Le visage recouvert de boue, les participants reviennent de la course. «C’était intéressant mais 40 minutes, c’est trop court! Je n’ai même pas eu le temps de me faire mal! D’habitude, une main race dure 3 ou 4 heures», s’exclame Joséphine. Nathalie serait arrivée avant, mais apparaît derrière Joséphine au classement. «Quelle organisation foireuse!», grogne-t-elle. Les deux étaient au coude à coude tout au long de la course, jusqu’à ce que l’une craque et passe dans la flaque d’eau pour laisser l’autre au sec.

Alors que les deux filles rêvent d’une douche, que certains se nettoient au jet d’eau froide ou partent se réchauffer dans leur auberge, d’autres préfèrent la bière ou la Buckfast: «Deux fois plus d’alcool que dans du vin et l’équivalent de huit cafés en caféine. Avec ça, je suis le coursier le plus rapide de tout Glasgow!», explique Spencer, les lèvres rougies par sa boisson.

La nuit est déjà entamée lorsque tombent les résultats. Le champion d’Europe est allemand, la championne hollandaise.

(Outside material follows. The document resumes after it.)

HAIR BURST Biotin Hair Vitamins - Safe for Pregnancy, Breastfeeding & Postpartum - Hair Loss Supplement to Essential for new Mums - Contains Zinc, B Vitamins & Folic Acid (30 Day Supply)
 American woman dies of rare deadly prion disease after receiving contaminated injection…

Joséphine la suit à six secondes et Nathalie est troisième. «Cette course n’était pas représentative, reconnaît la Lausannoise, j’ai juste eu plus de chance.»

ACDC résonne dans la salle. Les dernières bribes d’énergie s’évacuent dans le pogo et les gouttes de sueur acide se mélangent. Bien que flétries par les intempéries, les casquettes demeurent vissées sur les têtes.

Dehors, le jour se lève, déjà. Le ciel encore léthargique laisse poindre un semblant de rayon de soleil. Les coursiers rentrent chez eux et l’été peut enfin commencer.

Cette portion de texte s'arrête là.